Figure 12-16 shows four overhead views of rotating uniform disks that are sliding across a frictionless floor. Three forces, of magnitude F, 2F, or 3F, act on each disk, either at the rim, at the center, or halfway between rim and center. The force vectors rotate along with the disks, and, in the “snapshots” of Fig. 12-16, point left or right. Which disks are in equilibrium?



2. \tau_{}net = 0
\tau = r(perpendicular)F



3. So I'm pretty sure that I understand why b and d are not in equilibrium, and I'm pretty sure that I understand why a is in equilibrium. I don't know how to figure out why c is in equilibrium, though. I can figure out that net force is 0, but I don't know why net torque is 0. Using the 1st and 2nd equations listed, I got -

\tau_{}net = 0(2F) + R(F) + R(F) = 2RF

where R is the radius. For c to be in equilibrium, the result of this equation has to be 0. How should I do this?

 

[tiny-tim]

welcome to pf!

hi taliaroma! welcome to pf!

(have a tau: τ )

… So I'm pretty sure that I understand why b and d are not in equilibrium, and I'm pretty sure that I understand why a is in equilibrium. I don't know how to figure out why c is in equilibrium, though. I can figure out that net force is 0, but I don't know why net torque is 0. Using the 1st and 2nd equations listed, I got -

\tau_{}net = 0(2F) + R(F) + R(F) = 2RF

where R is the radius. For c to be in equilibrium, the result of this equation has to be 0. How should I do this?[/b]

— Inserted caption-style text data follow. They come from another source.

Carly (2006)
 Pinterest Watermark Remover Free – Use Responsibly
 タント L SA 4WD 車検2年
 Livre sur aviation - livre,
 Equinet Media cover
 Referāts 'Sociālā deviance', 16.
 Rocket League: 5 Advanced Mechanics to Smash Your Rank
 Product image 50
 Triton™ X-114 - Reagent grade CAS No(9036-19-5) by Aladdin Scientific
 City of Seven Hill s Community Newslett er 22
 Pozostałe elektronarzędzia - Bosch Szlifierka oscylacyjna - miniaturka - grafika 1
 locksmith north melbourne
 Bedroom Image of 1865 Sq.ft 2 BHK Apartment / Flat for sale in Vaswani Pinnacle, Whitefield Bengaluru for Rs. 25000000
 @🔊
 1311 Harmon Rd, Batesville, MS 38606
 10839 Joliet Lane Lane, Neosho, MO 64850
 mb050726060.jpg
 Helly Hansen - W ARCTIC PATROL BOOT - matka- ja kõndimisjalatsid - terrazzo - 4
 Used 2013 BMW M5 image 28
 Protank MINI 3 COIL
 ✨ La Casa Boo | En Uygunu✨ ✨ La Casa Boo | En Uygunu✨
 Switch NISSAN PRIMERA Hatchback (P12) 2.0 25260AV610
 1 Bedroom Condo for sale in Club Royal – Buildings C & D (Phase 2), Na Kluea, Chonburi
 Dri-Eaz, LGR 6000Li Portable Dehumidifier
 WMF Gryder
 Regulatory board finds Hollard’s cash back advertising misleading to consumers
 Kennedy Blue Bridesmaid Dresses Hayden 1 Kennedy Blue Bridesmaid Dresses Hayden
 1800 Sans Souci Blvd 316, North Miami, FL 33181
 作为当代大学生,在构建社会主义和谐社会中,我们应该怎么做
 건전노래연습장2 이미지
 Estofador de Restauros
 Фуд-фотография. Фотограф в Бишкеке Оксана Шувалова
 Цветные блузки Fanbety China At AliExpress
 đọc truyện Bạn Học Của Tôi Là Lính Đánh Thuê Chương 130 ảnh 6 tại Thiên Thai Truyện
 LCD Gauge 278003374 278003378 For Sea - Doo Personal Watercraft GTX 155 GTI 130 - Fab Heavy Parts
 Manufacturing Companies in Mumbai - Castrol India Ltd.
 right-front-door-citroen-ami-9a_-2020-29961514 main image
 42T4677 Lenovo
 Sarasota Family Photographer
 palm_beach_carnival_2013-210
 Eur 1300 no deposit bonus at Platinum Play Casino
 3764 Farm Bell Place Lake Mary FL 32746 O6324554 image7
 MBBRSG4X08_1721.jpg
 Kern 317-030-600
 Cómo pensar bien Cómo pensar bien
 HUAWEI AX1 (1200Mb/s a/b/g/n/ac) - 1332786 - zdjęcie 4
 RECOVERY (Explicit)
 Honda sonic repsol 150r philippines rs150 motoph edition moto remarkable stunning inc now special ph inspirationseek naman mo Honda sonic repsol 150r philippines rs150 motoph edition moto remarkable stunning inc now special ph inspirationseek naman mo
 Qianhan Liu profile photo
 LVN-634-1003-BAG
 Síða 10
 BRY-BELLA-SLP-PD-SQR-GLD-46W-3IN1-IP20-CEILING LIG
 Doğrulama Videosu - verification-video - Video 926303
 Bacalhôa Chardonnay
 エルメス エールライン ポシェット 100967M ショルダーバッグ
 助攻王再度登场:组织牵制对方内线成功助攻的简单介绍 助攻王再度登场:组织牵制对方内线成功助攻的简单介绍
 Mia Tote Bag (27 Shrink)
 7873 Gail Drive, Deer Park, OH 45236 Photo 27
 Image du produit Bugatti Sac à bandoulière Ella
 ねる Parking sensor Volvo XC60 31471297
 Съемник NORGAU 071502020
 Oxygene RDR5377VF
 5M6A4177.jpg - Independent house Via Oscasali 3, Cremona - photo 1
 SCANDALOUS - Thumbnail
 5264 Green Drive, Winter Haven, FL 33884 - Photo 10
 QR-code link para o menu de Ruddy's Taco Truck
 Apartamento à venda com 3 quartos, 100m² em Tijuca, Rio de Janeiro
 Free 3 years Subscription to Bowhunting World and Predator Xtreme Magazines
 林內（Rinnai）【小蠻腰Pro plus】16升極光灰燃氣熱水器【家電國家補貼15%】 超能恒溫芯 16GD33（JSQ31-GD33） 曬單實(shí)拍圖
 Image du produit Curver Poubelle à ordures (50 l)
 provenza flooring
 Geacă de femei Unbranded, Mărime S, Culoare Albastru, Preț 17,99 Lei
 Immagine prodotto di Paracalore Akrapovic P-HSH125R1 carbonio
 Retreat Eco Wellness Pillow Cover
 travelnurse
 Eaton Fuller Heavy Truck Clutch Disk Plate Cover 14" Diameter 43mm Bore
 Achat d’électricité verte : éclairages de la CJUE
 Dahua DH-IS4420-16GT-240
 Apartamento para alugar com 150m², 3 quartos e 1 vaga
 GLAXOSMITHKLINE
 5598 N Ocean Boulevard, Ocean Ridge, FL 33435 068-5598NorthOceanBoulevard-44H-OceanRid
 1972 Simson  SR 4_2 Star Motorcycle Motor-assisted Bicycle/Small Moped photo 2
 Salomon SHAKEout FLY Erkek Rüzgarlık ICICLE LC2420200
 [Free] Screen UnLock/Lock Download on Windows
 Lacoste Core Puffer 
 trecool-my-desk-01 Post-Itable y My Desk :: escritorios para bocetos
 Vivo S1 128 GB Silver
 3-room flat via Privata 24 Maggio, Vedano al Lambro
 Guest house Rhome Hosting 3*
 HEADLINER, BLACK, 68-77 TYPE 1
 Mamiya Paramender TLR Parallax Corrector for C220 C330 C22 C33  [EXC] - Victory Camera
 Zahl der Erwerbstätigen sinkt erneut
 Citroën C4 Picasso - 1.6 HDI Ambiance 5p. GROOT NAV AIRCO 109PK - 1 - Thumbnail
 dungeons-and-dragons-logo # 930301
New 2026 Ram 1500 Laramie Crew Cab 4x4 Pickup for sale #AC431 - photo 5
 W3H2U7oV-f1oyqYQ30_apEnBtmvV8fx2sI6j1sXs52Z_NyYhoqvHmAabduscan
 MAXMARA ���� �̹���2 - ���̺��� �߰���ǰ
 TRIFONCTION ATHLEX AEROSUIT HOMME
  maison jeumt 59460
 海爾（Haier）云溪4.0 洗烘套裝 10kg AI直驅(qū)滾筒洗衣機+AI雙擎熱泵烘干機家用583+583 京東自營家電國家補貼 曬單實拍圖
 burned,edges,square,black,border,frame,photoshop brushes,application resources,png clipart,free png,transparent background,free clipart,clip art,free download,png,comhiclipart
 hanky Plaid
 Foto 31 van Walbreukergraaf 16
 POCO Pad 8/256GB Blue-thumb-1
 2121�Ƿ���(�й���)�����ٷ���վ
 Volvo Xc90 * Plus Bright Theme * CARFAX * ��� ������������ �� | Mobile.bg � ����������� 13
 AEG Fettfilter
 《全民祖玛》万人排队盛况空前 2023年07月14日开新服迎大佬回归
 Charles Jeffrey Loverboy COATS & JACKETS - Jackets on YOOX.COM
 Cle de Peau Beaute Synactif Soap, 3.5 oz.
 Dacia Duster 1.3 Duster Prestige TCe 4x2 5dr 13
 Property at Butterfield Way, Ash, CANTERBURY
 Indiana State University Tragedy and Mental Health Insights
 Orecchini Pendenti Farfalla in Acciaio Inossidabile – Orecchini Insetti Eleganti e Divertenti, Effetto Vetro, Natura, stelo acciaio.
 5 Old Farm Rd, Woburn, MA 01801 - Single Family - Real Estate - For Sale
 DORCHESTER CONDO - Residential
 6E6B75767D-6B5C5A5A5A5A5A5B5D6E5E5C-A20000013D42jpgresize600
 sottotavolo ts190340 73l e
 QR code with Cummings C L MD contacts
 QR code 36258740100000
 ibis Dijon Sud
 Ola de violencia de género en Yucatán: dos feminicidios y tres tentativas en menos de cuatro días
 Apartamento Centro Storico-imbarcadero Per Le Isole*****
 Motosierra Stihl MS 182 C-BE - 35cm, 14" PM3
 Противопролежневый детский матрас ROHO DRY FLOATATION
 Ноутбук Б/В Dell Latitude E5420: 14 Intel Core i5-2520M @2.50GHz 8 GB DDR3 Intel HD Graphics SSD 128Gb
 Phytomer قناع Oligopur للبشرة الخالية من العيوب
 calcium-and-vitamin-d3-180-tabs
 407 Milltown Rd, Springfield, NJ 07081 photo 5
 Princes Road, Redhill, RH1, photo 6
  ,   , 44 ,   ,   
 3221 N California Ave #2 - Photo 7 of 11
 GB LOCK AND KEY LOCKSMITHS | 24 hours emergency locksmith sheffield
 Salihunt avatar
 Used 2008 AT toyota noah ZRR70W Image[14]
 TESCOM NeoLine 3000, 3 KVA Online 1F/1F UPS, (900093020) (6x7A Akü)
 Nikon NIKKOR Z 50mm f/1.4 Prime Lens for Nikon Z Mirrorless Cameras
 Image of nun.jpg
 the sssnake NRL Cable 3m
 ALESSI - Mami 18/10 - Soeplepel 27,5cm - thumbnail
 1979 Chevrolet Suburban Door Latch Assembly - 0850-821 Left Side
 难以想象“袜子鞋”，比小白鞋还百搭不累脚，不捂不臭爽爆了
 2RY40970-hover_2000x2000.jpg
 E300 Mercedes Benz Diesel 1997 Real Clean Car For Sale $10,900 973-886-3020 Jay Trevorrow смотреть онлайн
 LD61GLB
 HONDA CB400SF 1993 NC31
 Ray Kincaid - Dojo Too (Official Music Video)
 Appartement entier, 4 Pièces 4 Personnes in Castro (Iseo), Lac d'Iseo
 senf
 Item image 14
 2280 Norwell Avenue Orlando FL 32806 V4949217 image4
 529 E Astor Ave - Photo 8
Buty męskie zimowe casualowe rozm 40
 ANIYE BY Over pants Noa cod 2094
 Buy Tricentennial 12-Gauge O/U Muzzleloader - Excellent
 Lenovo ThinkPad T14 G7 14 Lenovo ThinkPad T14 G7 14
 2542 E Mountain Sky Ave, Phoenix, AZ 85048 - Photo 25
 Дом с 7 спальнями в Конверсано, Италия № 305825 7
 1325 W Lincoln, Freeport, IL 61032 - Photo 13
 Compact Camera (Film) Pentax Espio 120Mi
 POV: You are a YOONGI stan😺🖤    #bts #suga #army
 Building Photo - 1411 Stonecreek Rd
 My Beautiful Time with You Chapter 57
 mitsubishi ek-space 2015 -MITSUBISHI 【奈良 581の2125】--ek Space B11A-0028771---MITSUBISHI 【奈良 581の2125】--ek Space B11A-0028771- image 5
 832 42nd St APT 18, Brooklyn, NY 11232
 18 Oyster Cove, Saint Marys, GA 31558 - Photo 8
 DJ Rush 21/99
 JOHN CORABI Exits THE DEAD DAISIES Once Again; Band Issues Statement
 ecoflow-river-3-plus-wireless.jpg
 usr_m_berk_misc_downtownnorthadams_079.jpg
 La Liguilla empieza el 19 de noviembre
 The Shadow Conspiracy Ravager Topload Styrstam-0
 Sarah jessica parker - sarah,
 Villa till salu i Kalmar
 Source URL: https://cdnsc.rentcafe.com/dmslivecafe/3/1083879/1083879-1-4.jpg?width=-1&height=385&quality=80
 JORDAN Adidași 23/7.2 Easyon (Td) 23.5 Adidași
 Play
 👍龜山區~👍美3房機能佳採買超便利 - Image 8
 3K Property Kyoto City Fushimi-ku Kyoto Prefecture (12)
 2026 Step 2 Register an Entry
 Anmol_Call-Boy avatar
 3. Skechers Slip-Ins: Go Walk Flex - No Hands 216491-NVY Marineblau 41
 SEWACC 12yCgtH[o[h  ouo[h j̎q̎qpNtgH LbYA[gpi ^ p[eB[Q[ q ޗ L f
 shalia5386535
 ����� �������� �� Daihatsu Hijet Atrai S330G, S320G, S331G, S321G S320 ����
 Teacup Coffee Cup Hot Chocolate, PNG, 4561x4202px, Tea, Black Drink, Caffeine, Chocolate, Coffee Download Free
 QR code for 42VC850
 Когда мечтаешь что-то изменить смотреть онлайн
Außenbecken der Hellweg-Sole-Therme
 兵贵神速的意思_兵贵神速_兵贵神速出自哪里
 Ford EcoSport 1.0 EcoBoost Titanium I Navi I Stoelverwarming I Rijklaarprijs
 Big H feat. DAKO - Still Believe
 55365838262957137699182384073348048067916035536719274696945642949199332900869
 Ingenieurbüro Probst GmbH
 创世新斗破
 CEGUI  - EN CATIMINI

Your second equation should be τ = r x F …

if you take moments about the centre of the disc, then r is in opposite directions for the two forces, so the two r x Fs have opposite signs

however, I do it by just looking at it and saying oh that's clockwise, that's anti-clockwise!

(btw, note that you can take moments about any point, and it still comes out zero … so you can take a point which has all the forces on the same side!)

(and of course you're right about a b and d )

 

[taliaroma]

Thank you!